ABSTRACT

The importance of A Game at Chess to theories of castration has not until now been recognized, largely because Freud himself never read it (or anything else by Middleton). Of course, Freud was not alone; except for specialists in English Renaissance drama, few people today even recognize the title. But the play was once as well known as anything by Middleton’s contemporary and sometime collaborator, William Shakespeare. Middleton’s last play had the longest consecutive run, the largest initial attendance, and the greatest ticket revenue of any play of the English Renaissance.

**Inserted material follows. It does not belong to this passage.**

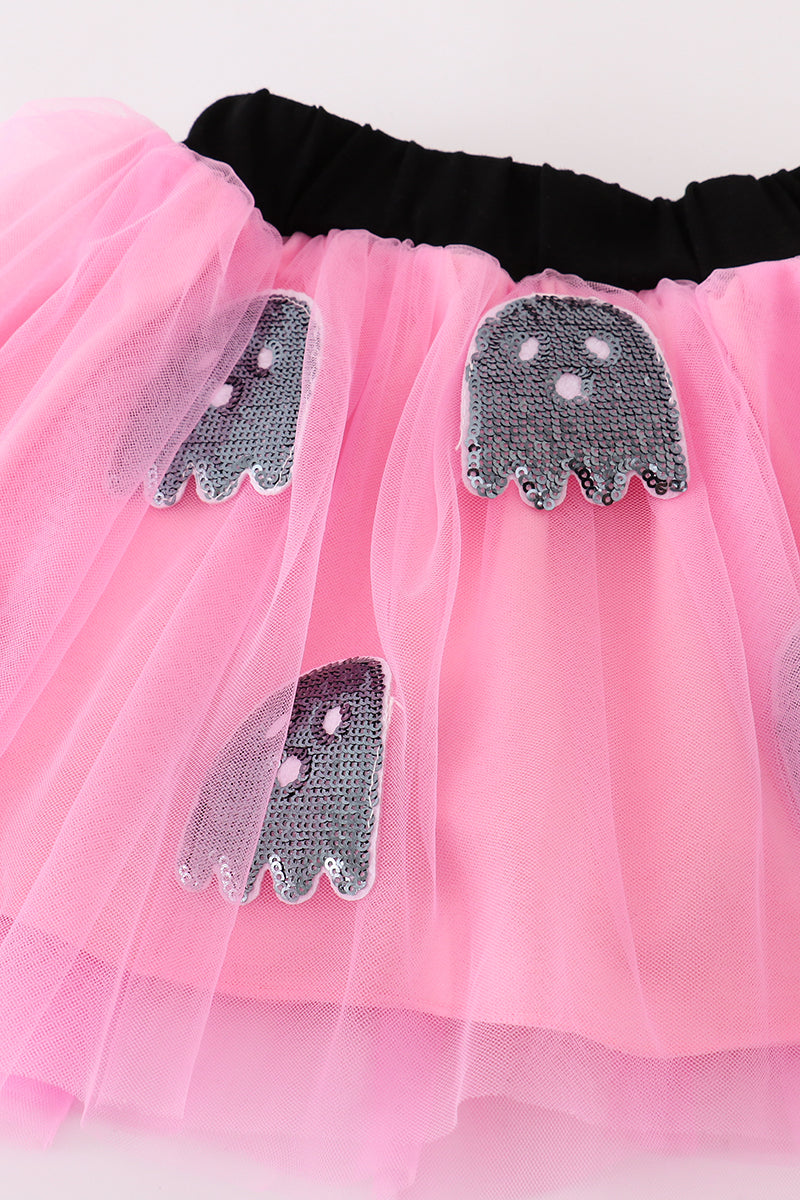 Black Halloween Boo Sequin Tutu Skorts Set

In nine days in August 1624, A Game at Chess was seen by perhaps one-seventh of the total population of London, and many more who did not see it heard about it, or heard the “extraordinary applause” and “extraordinary concourse” of its audiences. It stimulated more immediate commentary than any play, masque, or pageant of its age. Accounts of it were dispatched to Brussels, Florence, Madrid, Paris, and Venice. In England, it was rumored to have received a secret performance at court; certainly, it provoked legal action by the king, the lord chamberlain, and the Privy Council. It

survives in more manuscript texts and appeared in more editions in one year (and in more surreptitious editions) than any other early modern play. And it was the first individual English play published with an (expensive) engraved title page-in fact, it was published with both the first and the second such engraved title page (because the third printing supplied a new engraving).